“Voglio uccidere tutti i musulmani” ha gridato l’inglese che lunedì notte usando la stessa tecnica degli jihadisti si è scagliato contro gli islamici che uscivano dalla moschea di Finbury Park a Londra. Ieri, a Parigi, un terrorista islamico schedato dalle autorità come soggetto radicale si è gettato con la macchina carica di bombole a gas contro un furgone della polizia. Due episodi contingenti, che la dicono lunga sul fatto che c’è una guerra non di religione o di civiltà, dice il professor Farouq intervistato dal sussidiario, ma di emarginati, che si scagliano contro simboli stereotipati costruiti anche dalla cultura occidentale. “Quello che bisogna fare è smettere di guardare ai simboli razzisti e astratti, ma cominciare a guardare le persone, educare a uno sguardo che veda il singolo in quanto tale. E questo è valido per gli occidentali quanto per gli islamici”.
Professore, quanto successo fuori della moschea londinese è certamente una reazione ai recenti attentati di Londra, una vendetta solitaria. E’ inevitabile che accada questo e se sì, per quanto tempo ancora?
Episodi come questo purtroppo non sono evitabili perché gli stessi leader europei hanno ridotto l’islam a dei simboli: la moschea, il velo e altre cose, operando così una riduzione. Allora il razzista, il violento, si scaglia contro questi simboli che sono diversi da quelli occidentali e che rappresentano il pericolo, la paura.
Si può dire che quanto successo è la vittoria dell’Isis?
E’ quello che vuole l’Isis, scatenare una guerra civile in Europa, trasformare i musulmani occidentali in nemici, avere un’arma nel cuore dell’Europa.
Cosa vuol dire che l’islam è ridotto a dei simboli?
La maggior parte delle persone sostiene che Londra è il paradiso dell’integrazione, ma è una falsità. E’ vero che è stato lasciato spazio ai simboli islamici come le moschee, ma anche ai tribunali della sharia. Se lei va a vedere, scoprirà che una ragazza musulmana nata nel Regno Unito è obbligata a sposare un musulmano del Pakistan. Questa non è integrazione.
Dunque cosa è necessario?
Guardiamo a quello che è successo nel grattacielo incendiato sempre a Londra. La presenza di famiglie musulmane che grazie al Ramadan erano sveglie ha permesso di salvare molte persone, sono andati a svegliare i loro vicini per aiutarli a mettersi in salvo. Questo è un esempio di cosa succede se c’è integrazione vera, questo ci fa guardare alle persone, non ai simboli.
E’ un esempio di convivenza civile. Abbiamo anche visto che l’imam della moschea e altri islamici hanno salvato l’attentatore dalla folla che voleva linciarlo.

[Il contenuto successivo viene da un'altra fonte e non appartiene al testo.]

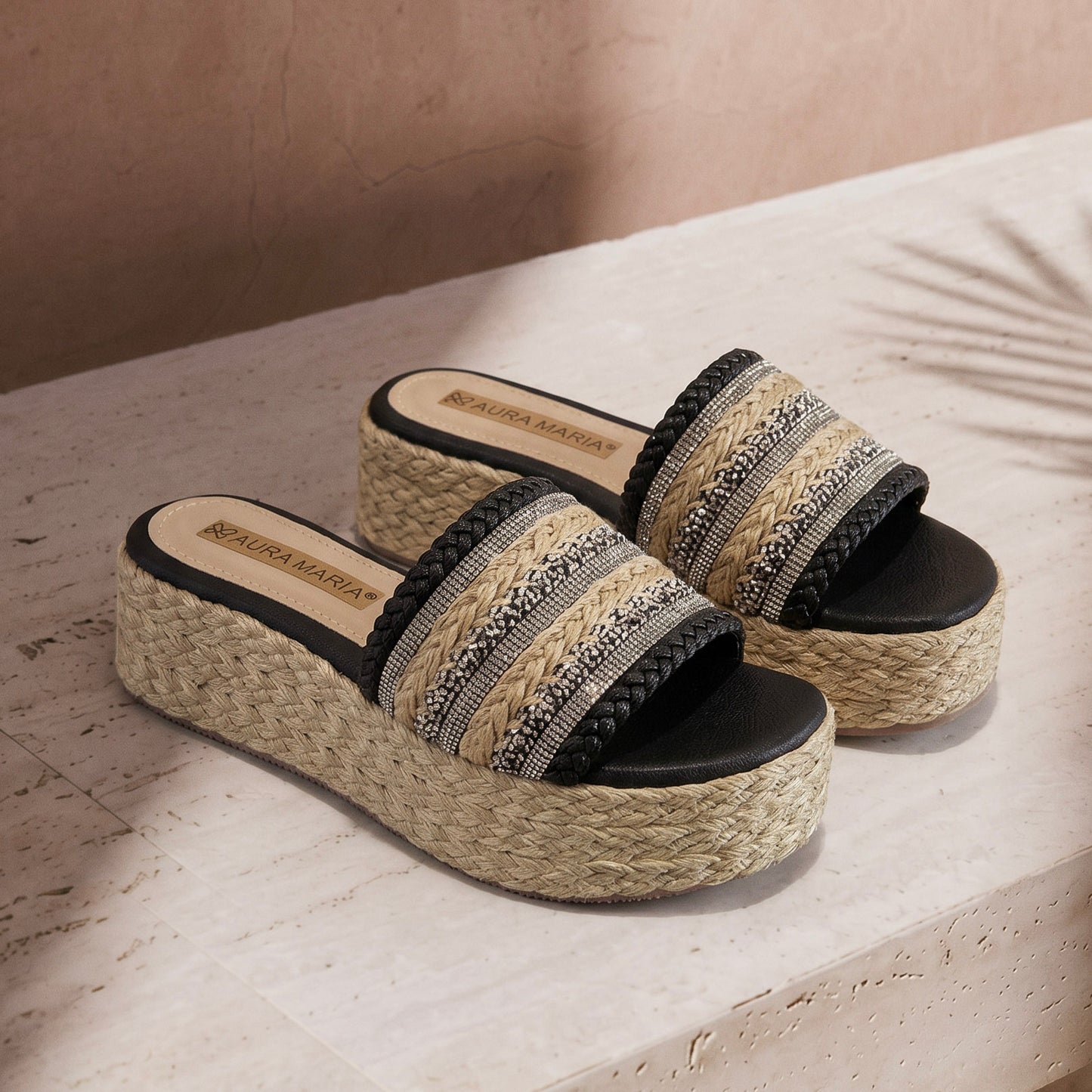 Planta 3 1/2 Sintético Negro · D4393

Ma anche questa è una riduzione. Per me, se lei dice che un imam è buono e un altro imam è cattivo, lei sta dicendo la stessa cosa.
In che senso, scusi?
Anche lei sta operando una riduzione, il risultato è uguale perché lei non considera la persona in quanto tale se ragiona così, ma divide tutti in buoni e cattivi. Basta creare simboli per ridurre una religione e una storia così grande come l’islam. Questo imam ha salvato l’attentatore dal linciaggio perché è un musulmano che vive in occidente, in un altro paese non sarebbe successa la stessa cosa.
Dunque?
Ogni singola persona rappresenta i valori della società in cui vive. Questo imam ha fatto quello che ha fatto perché musulmano e occidentale, le due cose in lui convivono. Chi uccide invece non guarda la persona, ma un simbolo da combattere.
Come lei ripete spesso, è vero che non c’è una guerra di civiltà, ma poche ore dopo i fatti di Londra, a Parigi un islamico ha cercato di uccidere dei poliziotti. Che guerra è questa?
E’ una guerra tra persone emarginate, che vivono ai margini della società, una società che non fa proposte e non pratica l’accoglienza. Finché l’islam rimane anche per certi islamici un simbolo, questi episodi si ripeteranno.
In conclusione, quale la strada da percorrere per uscire da tutto questo terrore?
Se guardiamo all’islam delle persone, allora non lo ridurremo a quella persona che ha fatto l’attentato. Dobbiamo tenere conto di tutti, un miliardo e seicento milioni di persone. Se invece rimane la riduzione, continueranno a nascere persone che si accaniscono contro gli stereotipi astratti. Se educhiamo ognuno a guardare le persone, a far capire loro che hanno un Padre e una Madre e per questo sono amate, se questo sarà lo sguardo che avremo, allora diventerà difficile uccidere il prossimo.